AIRequestProfile
What Is It?
AIRequestProfile lets you override generation parameters — temperature, max tokens, stateless mode, function calling — for a single request only. The service's global settings remain untouched.
The Problem It Solves
Imagine you have a chatbot configured for creative conversation:
var service = new OpenAIService(apiKey, http)
.WithTemperature(0.8f)
.WithMaxTokens(2048)
.WithSystemMessage("You are a creative writing assistant.");
Now your RAG pipeline needs to rewrite the user's query with low temperature and no history. Without AIRequestProfile, you'd have to do this:
// ❌ Without AIRequestProfile — manual state management
var savedTemp = service.Temperature;
var savedMax = service.MaxTokens;
var savedStateless = service.StatelessMode;
service.Temperature = 0.1f;
service.MaxTokens = 256;
service.StatelessMode = true;
var rewritten = await service.GetCompletionAsync("Rewrite this query: ...");
// Restore everything — easy to forget, not thread-safe
service.Temperature = savedTemp;
service.MaxTokens = savedMax;
service.StatelessMode = savedStateless;
This is verbose, error-prone, and breaks in multi-threaded scenarios (e.g. a web server handling concurrent users). If an exception is thrown before the restore, the service is left in a corrupted state.

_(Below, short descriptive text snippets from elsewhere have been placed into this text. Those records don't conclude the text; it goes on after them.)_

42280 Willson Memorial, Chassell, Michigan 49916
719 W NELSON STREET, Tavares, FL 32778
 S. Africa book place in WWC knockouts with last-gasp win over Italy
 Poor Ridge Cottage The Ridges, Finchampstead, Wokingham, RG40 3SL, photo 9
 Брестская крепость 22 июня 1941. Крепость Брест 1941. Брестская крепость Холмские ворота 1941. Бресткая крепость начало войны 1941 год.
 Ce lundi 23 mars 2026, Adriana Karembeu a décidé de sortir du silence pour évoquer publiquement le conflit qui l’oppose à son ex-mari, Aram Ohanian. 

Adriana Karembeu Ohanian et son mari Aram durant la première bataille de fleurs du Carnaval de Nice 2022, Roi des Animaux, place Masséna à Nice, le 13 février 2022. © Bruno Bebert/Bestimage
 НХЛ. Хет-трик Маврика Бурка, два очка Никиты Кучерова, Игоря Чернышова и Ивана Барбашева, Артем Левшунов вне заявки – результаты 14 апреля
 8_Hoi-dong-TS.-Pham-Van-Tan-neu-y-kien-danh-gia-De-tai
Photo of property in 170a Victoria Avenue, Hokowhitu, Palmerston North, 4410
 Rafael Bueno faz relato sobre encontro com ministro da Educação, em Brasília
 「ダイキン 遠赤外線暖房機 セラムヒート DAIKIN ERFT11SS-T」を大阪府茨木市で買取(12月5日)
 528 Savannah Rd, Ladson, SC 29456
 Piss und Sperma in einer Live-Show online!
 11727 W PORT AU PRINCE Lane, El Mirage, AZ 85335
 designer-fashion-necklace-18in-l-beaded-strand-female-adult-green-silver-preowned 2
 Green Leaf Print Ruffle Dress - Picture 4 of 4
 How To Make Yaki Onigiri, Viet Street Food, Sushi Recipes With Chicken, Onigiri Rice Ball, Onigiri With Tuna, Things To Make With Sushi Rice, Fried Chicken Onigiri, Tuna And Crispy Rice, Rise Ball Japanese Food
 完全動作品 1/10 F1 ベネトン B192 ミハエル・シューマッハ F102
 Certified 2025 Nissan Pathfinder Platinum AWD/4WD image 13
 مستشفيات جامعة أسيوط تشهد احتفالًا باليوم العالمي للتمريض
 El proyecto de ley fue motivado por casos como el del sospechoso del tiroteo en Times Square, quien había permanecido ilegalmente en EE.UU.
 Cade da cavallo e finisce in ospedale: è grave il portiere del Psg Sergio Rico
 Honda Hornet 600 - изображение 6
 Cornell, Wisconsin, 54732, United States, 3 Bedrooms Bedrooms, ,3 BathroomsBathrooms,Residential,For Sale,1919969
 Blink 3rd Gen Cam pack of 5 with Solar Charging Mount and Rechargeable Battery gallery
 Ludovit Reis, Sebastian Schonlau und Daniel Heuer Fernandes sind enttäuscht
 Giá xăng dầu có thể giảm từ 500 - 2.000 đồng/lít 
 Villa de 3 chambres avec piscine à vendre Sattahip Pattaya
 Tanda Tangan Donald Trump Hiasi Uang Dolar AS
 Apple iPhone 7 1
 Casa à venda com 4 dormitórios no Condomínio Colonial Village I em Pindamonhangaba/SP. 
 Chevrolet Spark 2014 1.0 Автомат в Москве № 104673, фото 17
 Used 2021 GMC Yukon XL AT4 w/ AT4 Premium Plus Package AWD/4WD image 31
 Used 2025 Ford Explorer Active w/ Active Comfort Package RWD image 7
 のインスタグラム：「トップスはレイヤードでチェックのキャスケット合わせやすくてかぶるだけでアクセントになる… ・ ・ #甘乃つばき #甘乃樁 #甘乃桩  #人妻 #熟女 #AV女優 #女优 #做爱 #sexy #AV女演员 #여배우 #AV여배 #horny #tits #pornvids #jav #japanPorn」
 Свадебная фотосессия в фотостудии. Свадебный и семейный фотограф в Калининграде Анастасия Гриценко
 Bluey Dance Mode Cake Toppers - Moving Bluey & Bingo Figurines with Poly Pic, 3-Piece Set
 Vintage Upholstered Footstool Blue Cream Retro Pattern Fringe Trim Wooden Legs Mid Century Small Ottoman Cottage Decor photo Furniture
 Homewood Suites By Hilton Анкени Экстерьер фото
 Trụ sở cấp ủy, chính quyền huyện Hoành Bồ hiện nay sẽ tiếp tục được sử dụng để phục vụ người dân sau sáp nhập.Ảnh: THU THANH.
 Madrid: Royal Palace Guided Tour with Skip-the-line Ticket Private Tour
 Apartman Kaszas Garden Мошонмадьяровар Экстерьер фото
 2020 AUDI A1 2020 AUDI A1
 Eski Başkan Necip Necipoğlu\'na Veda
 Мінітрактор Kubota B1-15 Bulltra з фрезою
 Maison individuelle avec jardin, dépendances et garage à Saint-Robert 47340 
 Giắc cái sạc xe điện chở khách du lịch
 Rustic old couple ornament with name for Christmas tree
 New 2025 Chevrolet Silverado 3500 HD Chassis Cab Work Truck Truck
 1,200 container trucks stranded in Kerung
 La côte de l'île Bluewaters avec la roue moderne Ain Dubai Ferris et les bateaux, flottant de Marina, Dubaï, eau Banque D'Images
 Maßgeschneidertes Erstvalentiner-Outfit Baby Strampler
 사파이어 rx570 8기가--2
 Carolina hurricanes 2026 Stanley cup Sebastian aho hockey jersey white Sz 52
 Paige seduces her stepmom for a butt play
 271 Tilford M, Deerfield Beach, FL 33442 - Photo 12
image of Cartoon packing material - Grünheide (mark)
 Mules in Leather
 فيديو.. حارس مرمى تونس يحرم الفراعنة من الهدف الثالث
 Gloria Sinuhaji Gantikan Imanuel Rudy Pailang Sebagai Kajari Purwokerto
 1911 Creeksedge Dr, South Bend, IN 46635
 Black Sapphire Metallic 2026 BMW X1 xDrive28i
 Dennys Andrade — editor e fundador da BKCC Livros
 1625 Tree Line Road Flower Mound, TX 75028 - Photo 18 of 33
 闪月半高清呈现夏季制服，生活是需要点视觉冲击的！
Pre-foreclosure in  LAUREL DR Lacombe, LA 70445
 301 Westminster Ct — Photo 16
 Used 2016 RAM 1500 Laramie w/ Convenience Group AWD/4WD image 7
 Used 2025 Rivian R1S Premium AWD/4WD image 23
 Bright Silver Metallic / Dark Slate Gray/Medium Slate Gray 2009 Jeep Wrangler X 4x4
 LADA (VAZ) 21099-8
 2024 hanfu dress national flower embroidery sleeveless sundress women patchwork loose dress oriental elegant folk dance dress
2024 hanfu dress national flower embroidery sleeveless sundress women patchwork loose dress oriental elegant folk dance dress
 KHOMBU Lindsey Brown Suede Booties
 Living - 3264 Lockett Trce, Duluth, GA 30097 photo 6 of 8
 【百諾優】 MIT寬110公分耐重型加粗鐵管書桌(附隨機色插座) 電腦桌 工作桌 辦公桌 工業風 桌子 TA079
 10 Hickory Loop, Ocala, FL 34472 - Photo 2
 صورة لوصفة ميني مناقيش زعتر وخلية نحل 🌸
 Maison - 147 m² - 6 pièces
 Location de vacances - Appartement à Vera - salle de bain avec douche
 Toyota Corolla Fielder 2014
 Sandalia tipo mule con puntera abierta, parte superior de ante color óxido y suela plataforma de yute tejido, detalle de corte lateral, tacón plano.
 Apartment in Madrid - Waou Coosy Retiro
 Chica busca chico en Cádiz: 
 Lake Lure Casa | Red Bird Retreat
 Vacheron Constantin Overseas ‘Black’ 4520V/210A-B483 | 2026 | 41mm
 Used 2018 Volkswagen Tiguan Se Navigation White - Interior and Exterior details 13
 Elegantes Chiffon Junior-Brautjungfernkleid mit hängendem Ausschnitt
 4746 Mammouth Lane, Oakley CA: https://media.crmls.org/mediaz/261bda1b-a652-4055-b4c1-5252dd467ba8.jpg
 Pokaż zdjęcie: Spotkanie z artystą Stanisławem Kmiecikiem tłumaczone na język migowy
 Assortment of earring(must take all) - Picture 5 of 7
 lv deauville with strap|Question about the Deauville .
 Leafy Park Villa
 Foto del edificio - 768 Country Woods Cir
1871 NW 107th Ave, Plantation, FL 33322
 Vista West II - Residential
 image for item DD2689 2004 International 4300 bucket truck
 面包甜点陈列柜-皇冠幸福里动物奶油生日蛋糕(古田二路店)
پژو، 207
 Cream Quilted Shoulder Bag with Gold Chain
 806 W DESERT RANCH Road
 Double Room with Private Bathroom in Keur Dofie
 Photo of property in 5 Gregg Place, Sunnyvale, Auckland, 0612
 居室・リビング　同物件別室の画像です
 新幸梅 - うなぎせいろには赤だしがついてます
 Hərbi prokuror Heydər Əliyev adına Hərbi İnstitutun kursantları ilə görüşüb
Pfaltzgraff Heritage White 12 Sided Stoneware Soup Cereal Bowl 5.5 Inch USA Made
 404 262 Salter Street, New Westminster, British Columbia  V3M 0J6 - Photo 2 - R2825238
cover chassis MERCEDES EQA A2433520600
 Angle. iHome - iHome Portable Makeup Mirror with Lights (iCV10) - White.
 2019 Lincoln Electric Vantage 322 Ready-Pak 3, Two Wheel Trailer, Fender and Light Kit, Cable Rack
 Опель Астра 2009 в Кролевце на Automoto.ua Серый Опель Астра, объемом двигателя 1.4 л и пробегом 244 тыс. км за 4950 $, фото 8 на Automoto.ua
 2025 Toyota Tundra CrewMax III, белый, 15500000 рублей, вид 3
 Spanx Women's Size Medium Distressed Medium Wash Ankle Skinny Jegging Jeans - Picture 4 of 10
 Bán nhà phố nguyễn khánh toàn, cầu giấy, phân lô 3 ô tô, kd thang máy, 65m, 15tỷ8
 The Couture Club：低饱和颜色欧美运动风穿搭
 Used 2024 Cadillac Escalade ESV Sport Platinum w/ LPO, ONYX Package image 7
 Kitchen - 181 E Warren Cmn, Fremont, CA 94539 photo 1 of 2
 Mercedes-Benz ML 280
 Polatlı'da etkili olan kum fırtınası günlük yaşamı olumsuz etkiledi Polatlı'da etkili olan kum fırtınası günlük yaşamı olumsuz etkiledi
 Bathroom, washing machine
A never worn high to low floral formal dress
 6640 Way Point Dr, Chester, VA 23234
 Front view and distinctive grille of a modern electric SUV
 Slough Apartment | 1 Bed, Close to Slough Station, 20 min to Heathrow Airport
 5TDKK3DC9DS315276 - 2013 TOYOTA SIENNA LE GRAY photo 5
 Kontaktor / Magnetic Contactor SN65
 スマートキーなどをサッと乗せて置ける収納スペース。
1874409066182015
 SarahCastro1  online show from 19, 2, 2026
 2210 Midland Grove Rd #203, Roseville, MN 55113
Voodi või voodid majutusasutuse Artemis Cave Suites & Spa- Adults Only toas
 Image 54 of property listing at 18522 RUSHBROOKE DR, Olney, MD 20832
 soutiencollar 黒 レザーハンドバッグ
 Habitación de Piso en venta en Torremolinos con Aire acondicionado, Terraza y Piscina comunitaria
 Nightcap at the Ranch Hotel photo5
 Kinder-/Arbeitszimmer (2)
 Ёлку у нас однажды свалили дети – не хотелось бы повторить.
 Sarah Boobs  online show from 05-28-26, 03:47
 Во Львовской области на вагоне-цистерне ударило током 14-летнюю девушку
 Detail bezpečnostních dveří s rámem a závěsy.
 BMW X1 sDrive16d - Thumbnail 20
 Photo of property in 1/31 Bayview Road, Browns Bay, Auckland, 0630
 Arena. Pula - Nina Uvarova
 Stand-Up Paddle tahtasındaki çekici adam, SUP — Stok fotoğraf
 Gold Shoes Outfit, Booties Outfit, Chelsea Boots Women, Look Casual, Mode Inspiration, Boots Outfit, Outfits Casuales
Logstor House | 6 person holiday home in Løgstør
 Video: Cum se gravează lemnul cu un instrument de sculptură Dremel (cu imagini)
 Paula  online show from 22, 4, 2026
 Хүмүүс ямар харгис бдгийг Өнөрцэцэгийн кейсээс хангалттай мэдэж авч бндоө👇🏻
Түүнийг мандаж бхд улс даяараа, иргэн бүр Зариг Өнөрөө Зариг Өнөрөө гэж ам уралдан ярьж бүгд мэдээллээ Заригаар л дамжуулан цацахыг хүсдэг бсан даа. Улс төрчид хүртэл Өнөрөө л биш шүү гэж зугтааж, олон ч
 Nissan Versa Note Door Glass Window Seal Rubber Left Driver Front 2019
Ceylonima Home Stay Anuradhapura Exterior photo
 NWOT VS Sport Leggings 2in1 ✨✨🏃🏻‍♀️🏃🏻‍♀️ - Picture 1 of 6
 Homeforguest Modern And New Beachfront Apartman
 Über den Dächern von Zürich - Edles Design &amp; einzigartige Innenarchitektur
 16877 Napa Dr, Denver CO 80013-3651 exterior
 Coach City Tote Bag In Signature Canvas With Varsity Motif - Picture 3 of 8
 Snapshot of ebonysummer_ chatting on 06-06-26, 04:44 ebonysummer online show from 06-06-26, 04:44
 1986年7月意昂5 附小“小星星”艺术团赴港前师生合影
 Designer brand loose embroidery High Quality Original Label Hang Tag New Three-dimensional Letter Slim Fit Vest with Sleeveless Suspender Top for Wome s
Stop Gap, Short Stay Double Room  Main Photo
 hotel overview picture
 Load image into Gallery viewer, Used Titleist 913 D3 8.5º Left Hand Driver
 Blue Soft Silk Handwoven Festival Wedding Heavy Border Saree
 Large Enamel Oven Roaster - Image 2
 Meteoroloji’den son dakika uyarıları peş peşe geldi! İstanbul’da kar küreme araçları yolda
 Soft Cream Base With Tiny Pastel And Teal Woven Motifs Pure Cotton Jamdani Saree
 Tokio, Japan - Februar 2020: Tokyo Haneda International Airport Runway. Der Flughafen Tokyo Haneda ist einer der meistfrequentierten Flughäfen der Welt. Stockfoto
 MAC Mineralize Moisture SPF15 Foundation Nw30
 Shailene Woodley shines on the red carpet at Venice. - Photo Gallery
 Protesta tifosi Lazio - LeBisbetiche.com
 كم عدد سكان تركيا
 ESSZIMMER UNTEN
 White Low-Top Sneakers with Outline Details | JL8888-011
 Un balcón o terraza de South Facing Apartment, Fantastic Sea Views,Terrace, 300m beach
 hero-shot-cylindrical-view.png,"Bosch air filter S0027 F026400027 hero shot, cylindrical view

With AIRequestProfile, it's one line:
// ✅ With AIRequestProfile — clean and safe
var rewritten = await service.GetCompletionAsync("Rewrite this query: ...",
new AIRequestProfile { Temperature = 0.1f, MaxTokens = 256, Stateless = true });
The service's global settings are never touched. No cleanup needed. Thread-safe.
Available Properties
var profile = new AIRequestProfile
{
Temperature = 0.1f, // Override temperature
MaxTokens = 256, // Override max output tokens
Stateless = true, // Don't add this exchange to conversation history
DisableFunctions = true, // Skip function calling for this request
DisableReasoning = true // Skip reasoning/chain-of-thought for this request
};
var response = await service.GetCompletionAsync("Your prompt", profile);
All properties are optional — only set what you need to override. Anything you leave unset uses the service's current value.
Predefined Profiles
For common scenarios, built-in profiles are provided so you don't have to configure properties manually:
// Query rewriting: low temperature, small token budget, stateless
var rewritten = await service.GetCompletionAsync(query, RequestProfiles.QueryRewrite);
// Summarization: slightly higher temperature, moderate tokens
var summary = await service.GetCompletionAsync(text, RequestProfiles.Summarization);
Real-World Examples
Internal query rewriting in a RAG pipeline
// Main service configured for user-facing conversation
var service = new OpenAIService(apiKey, http)
.WithTemperature(0.7f)
.WithMaxTokens(4096);
// Rewrite query with different settings — service stays unchanged
var betterQuery = await service.GetCompletionAsync(
$"Rewrite this for search: {userQuery}",
RequestProfiles.QueryRewrite);
// Continue normal conversation — still Temperature 0.7, MaxTokens 4096
var answer = await service.GetCompletionAsync(userQuery);
Disabling functions for a specific step
// Service has functions registered
service.WithFunction("search_web", "Search the web", ...);
// For this one call, skip function calling — just answer directly
var directAnswer = await service.GetCompletionAsync(
"What is 2 + 2?",
new AIRequestProfile { DisableFunctions = true });
Combining with AIRequestContext
Both can be passed together for maximum control:
var response = await service.GetCompletionAsync(
prompt,
profile: RequestProfiles.QueryRewrite,
context: new AIRequestContext { SystemMessageSuffix = "\nBe concise." }
);
See AIRequestContext for details on injecting content into requests.